As agências de classificação de risco, lembra-se delas? Há quem se possa lembrar de que essas mesmas organizações foram profundamente cúmplices na tramóia que fez instrumentos de dívida sem valor serem recondicionados para parecerem títulos financeiros de primeira linha. Tenho certeza de ter ouvido políticos dizerem que elas seriam colocadas no seu devido lugar. Isso nunca aconteceu. As agências de classificação não se arrependeram; e agora elas reinam uma vez mais.

Desde o início, a crise estava repleta de ironias. Um dos grandes motivos que explicam por que tamanha quantidade de dinheiro chafurdava em torno do sistema, pronta para ser emprestada a americanos compradores de moradias que jamais conseguiriam pagar os empréstimos, foi que grande parte dos países emergentes do mundo interpretou o Ocidente ao pé da letra.

Depois do colapso financeiro do fim da década de 90, a Ásia aprendeu de cor o catecismo da prudência fiscal do FMI. O dinheiro que ela subsequentemente economizou foi emprestado ao Ocidente perdulário, para respaldar o crédito fácil que deu ao mundo os financiamentos imobiliários de alto risco (os “subprime”) e os títulos que têm como garantias carteiras de empréstimos (os CDO).

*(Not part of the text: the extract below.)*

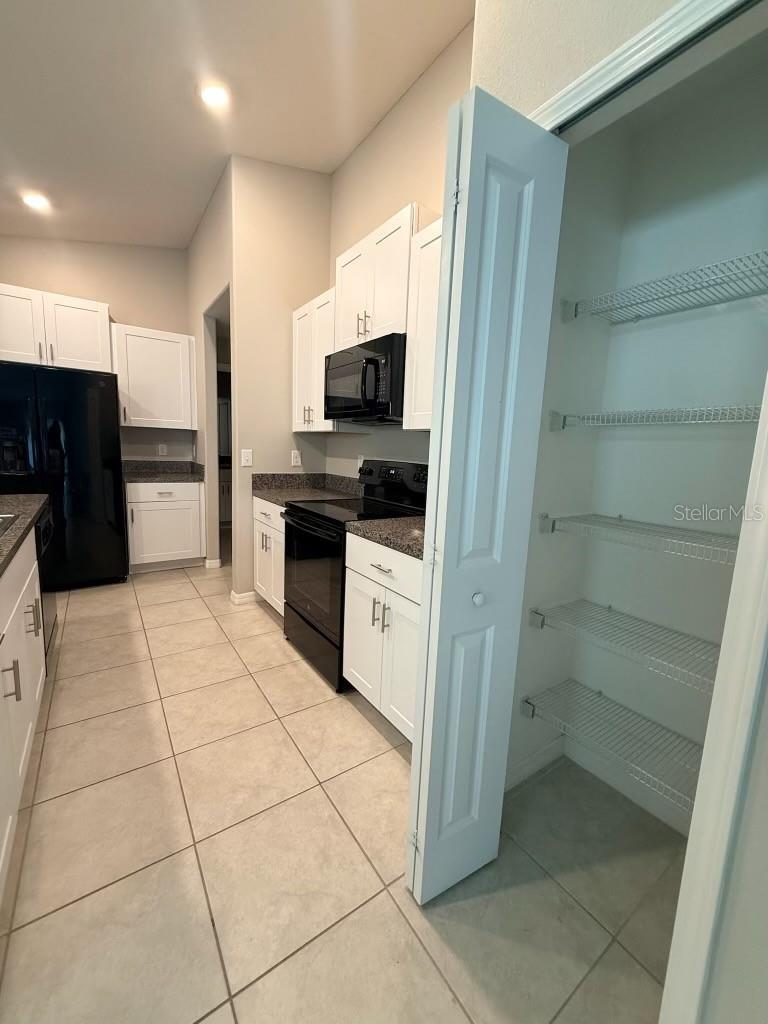 11424 SAGE CANYON DR, RIVERVIEW, FL, 33578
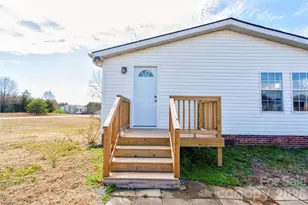 112 Jenny Dr, Shelby, NC 28152 - Photo 32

A maioria dos europeus, é claro, colocou a culpa do colapso no desenfreado capitalismo anglo-americano, só para descobrir que suas próprias instituições foram completamente cúmplices. Enquanto Merkel denunciava os fundos de hedge e os fundos de private equity (na realidade, relativamente inocentes na calamidade), constatou-se que os bancos regionais estatais da Alemanha foram um dos jogadores mais entusiastas no casino.

Nada disso tem a intenção de absolver governos e órgãos reguladores da responsabilidade pelo colapso. O então governo trabalhista do Reino Unido contentou-se em olhar para o outro lado enquanto o sector financeiro continuava a gerar as receitas fiscais que financiavam o gasto social. A Grécia estava a deturpar a contabilidade muito antes que a maioria tivesse ouvido falar da AIG. Alan Greenspan e Ben Bernanke, do Fed (o banco central dos EUA), cometeram o erro de acreditar na sua própria propaganda.

Agora as autoridades dizem-nos que tomaram providências para sanar esses erros. Alguns governos instituíram impostos sobre lucros extraordinários que incidem sobre os grandes bancos; os EUA aprovaram um regime regulatório mais rígido; os salários com gratificações exorbitantes agora incluem um ténue vínculo com desempenho. O comité de reguladores da Basileia está prestes a impor exigências de capital mais rígidas – não antes de 2018.

Ainda que sejam meritórias, tais medidas parecem ser meros paliativos quando contrapostas à capacidade dos mercados de capital de causarem danos económicos. As instituições financeiras continuam a obter vastos lucros com actividades de intermediação descritas por Adair Turner, que chefia a FSA, órgão regulador do sector financeiro do Reino Unido, como basicamente inúteis. Turner, porém, tem sido uma voz praticamente solitária ao sugerir uma reavaliação fundamental.

A crise na zona do euro mostra como os instintos de manada dos mercados de capital podem desestabilizar um continente inteiro. A consequência foi obrigar os governos europeus a empreender uma corrida prematura e arriscada para reduzir drasticamente os seus déficits fiscais antes que a recuperação económica estivesse garantida.

Com uma pequena ajuda das agências reguladoras, os bancos já podem dizer-se devidamente testados para o stress, mas a instabilidade sistémica persiste. Os mercados internacionais moveram-se bem além da capacidade dos políticos de compreendê-los, que dirá supervisioná-los, adequadamente. Essa falha da governança política em acompanhar o ritmo da integração económica global é tão evidente agora como foi em 2007.

Mesmo se os políticos souberem reconhecer melhor os riscos da interdependência e as vulnerabilidades de instituições e instrumentos financeiros particulares, ainda estão longe de um consenso sobre como dividir a responsabilidade pela supervisão global. Portanto, três anos depois, as coisas estão praticamente como estavam, excepto que a maioria de nós está mais pobre. Os mercados reinam. OK?